Ben clearly loves his children. But he can be cruel. When the middle son, Rellian (Nicholas Hamilton) questions the family’s celebration of Noam Chomsky Day—their version of Christmas—Ben puts him on the spot, asking him why it would make more sense to celebrate the corporatized holiday. This is a teachable moment, of sorts, but it feels confrontational, intended to humiliate, not enlighten. Tongue-tied, Rellian eventually runs off. Later, Ben teaches his children to climb a mountain. When Rellian breaks his wrist, he gets no help—or sympathy—from his father. Ben believes that his children must learn to fend for themselves.

Still, the woodland lives of the family—the children are all beautiful tow- and red-heads in fetching Coachella-esque garb—is presented idealistically. They sing songs and cavort naked and all seem to really love each other. Except for Bo, who stashes acceptance letters from all (!) the Ivy league schools under his bed, and Rellian, who is beginning to resent his father, the family is happily compliant. And then the mother dies, disrupting their world.

Leslie’s father, Jack—played by Frank Langella at his imposing, pompous best—not only disapproves of Ben’s lifestyle but blames him for Leslie’s death and threatens to have him arrested if he goes anywhere near the funeral. But the family is undeterred. Leslie was a Buddhist who wanted to be cremated (and, curiously, flushed down a toilet), so stealing her body and carrying out her last wishes becomes one of the family’s many “missions.” They pack up their Partridge-Family style bus and head out to civilization.

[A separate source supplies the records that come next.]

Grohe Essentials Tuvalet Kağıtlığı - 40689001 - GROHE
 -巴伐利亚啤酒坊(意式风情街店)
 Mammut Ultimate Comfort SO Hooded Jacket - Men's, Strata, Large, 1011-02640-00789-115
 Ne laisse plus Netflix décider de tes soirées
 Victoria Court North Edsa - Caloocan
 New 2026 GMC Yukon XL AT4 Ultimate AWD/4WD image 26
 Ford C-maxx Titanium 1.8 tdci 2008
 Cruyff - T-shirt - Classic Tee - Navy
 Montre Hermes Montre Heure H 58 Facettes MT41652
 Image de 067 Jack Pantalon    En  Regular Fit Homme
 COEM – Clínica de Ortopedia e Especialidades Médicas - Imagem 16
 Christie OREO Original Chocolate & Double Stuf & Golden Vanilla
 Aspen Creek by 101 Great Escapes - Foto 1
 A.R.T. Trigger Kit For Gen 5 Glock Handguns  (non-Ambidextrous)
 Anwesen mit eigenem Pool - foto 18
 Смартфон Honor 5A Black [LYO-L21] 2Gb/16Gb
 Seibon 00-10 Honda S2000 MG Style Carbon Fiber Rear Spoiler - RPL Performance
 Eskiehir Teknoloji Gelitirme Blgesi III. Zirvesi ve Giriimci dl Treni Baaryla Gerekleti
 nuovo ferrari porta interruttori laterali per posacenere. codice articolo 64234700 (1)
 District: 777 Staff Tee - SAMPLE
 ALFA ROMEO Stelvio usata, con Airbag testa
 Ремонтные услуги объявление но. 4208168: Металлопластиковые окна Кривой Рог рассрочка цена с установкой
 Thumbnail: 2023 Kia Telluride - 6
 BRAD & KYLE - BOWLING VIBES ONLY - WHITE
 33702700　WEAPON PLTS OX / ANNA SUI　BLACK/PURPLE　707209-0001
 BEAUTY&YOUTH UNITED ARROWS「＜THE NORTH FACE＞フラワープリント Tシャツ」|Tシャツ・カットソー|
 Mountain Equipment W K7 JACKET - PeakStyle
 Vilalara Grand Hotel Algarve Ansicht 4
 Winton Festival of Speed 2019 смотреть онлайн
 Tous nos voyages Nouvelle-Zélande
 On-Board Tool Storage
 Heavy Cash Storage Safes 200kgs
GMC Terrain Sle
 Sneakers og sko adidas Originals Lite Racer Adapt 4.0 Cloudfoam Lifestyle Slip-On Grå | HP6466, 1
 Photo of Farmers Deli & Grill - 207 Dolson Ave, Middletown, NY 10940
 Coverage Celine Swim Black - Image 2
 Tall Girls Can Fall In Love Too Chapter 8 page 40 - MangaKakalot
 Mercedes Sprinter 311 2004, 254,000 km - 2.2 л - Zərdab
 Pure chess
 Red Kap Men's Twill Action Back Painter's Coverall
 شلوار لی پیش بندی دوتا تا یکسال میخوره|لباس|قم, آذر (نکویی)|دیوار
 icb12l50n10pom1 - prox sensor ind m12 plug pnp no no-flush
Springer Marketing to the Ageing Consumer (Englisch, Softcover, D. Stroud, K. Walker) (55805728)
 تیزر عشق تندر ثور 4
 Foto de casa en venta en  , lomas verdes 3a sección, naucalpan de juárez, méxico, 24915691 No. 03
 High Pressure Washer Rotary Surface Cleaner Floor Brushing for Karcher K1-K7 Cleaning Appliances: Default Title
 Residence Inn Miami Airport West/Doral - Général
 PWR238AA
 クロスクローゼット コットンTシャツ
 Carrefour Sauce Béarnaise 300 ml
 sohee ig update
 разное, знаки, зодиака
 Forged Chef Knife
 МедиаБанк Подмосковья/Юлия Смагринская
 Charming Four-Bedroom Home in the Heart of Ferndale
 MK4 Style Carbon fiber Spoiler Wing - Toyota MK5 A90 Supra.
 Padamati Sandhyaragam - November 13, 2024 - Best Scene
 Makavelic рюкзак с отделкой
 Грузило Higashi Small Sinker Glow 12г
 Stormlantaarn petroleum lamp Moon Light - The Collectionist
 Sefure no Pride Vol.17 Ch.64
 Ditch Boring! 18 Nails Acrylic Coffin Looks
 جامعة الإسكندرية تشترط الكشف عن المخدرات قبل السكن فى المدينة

The removal from their forest idyll into the real world is the event that will, of course, change everything. Eventually something does happen—I won’t spoil it here—that allows for the slight possibility that Jack might be right, that maybe Ben is bad for his kids. But of course, Jack isn’t a sympathetic figure (he’s played by Dracula, for God’s sake, as my friend Meg pointed out)—Ben is. And even as director Ross acknowledges the abuse, he still clearly believes Ben is on the side angels.

On their way to the funeral, the family spends the night with Ben’s sister Harper (Kathryn Hahn) and her husband and two sons. At dinner, Ben is a disruptive force, giving his children wine, against Harper’s wishes, and defiantly discussing the uncomfortable particulars of his wife’s death. Harper pulls him aside, tells him that in her house he needs to follow her rules. He apologizes, albeit half-heartedly. The next morning provides the film’s most obnoxious scene: Harper criticizes Ben’s improvised home-schooling methods, so he summons her two video-game-hooked teenage sons from the den. “What’s the Bill of Rights?” he asks them. They gape at him, fumfer for the answer, and both guess wrong. Then he calls for his pint-sized daughter and asks her to answer. Standing proudly, her messy blonde locks falling into her wide eyes, she shows up the two teens by not just knowing what the Bill of Rights is, but by starting to recite its preamble by heart. Later, when the family bus pulls away en route to the funeral, the boys give their departing cousins the finger. Can’t say I blame them.